A aposta no sector produtivo, gerador de emprego e de riqueza, e com reflexos na balança comercial, deve mobilizar toda a sociedade e deve concentrar a atenção dos privados. 

Se metade - não mais do que isso - do que se sonha investir em jardins do éden, sem noção exacta do nível de retorno, fosse usado para a industrialização e terciarização do país e da ilha em particular, acredito que os ganhos seriam incomensuravelmente maiores.

Sobre o turismo e o imobiliário, existe naturalmente uma margem de crescimento. Mas esse terá de ser alicerçado em princípios completamente diferentes daqueles que estão a ser defendidos. Ao invés de aplaudirmos quem nos promete levar a tocar a lua, deveríamos perceber que, quase sempre, "simple is better". 
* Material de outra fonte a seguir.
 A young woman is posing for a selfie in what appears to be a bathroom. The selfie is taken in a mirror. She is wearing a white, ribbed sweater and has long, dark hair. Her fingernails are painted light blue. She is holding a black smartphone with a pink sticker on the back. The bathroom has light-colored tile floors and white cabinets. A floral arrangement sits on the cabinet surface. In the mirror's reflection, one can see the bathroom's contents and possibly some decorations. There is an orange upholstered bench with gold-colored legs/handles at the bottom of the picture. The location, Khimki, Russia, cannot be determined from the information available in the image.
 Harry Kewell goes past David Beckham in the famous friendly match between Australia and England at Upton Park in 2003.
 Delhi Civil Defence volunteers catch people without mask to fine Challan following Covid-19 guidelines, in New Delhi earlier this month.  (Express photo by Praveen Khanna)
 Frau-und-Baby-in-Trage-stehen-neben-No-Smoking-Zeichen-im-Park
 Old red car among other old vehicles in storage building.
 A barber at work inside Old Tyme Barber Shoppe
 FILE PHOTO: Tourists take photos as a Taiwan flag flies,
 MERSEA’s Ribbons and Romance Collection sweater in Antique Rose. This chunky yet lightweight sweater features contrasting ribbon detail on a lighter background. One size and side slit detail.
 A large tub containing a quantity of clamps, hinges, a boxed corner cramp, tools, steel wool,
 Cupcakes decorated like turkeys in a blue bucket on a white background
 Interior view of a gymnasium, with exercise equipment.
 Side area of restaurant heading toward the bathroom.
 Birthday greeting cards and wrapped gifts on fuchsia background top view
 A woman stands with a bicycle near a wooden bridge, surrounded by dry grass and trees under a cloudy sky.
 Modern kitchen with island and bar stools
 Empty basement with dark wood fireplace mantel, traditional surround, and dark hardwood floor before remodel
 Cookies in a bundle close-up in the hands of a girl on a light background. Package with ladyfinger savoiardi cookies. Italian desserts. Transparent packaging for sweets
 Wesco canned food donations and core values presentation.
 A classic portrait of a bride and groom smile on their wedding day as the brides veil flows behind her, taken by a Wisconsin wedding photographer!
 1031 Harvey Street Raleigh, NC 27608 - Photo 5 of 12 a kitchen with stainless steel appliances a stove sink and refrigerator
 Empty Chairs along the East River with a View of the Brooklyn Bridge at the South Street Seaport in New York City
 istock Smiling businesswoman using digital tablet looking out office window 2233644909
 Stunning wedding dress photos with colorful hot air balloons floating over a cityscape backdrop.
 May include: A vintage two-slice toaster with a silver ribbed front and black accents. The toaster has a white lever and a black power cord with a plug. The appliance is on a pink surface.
Uma intervenção urbanística profunda e séria no centro histórico do Mindelo, acompanhada da diversificação da oferta cultural e da criação de uma conjunto de serviços de apoio ao turista, que o façam sentir verdadeiramente a "experiência cabo-verdiana", farão mais por esta cidade do que 30 arranha-céus.

Queremos prédios gigantescos? Arranjemos pois uma zona virgem da ilha e urbanizemo-la com esse propósito vanguardista.

O turista  que procura ou pode procurar São Vicente quer  e quererá genuinidade e nem isso nós estamos a conseguir oferecer.

A dada altura, no auditório do Centro Cultural, o meu vizinho de fila disse-me em tom jocoso que se todos os projectos apresentados saíssem do papel, passaríamos a viver no Dubai (ainda por cima sem a parte do petróleo). 

A questão, pensei, é que se eu quiser ir ao Dubai, não apanho o avião para Cabo Verde.


Post Scriptum: Antes que mandem o estrangeiro de volta para a terra dele, pela ousadia de ter opinião própria, deixem-me salvaguardar que enquanto eu morar no Mindelo, aqui trabalhar e pagar impostos, tenho todo o direito a ter e a expressar as minhas preocupações em relação a esta cidade. Criticar construtivamente é um exercício de liberdade ao qual todos se deviam dedicar.